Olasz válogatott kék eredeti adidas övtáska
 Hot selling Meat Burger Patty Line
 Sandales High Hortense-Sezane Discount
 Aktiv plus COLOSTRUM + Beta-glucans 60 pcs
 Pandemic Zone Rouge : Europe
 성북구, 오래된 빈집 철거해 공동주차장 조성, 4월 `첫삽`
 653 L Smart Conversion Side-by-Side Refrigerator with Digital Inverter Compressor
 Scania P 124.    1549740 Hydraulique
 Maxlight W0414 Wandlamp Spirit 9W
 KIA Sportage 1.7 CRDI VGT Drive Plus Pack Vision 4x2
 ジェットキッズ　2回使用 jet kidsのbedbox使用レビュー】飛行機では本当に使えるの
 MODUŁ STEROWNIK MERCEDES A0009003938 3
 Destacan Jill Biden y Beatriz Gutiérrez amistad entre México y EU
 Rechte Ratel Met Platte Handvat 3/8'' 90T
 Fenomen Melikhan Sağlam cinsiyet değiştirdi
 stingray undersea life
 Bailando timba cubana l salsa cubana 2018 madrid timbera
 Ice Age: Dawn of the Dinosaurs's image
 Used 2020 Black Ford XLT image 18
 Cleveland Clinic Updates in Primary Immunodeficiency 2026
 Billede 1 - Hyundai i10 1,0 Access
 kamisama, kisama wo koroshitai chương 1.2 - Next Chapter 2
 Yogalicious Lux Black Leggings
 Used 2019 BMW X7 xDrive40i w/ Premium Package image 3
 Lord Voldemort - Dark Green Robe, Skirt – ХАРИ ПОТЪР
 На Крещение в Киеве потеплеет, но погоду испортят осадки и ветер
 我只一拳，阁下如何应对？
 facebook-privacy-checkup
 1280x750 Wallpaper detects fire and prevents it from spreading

------------------------------------

What to do:
Print, exactly as given, the lines from the one with "我只一拳，阁下如何应对？" through the last line of the material above, and no others.

Exercise answer:
 我只一拳，阁下如何应对？
 facebook-privacy-checkup
 1280x750 Wallpaper detects fire and prevents it from spreading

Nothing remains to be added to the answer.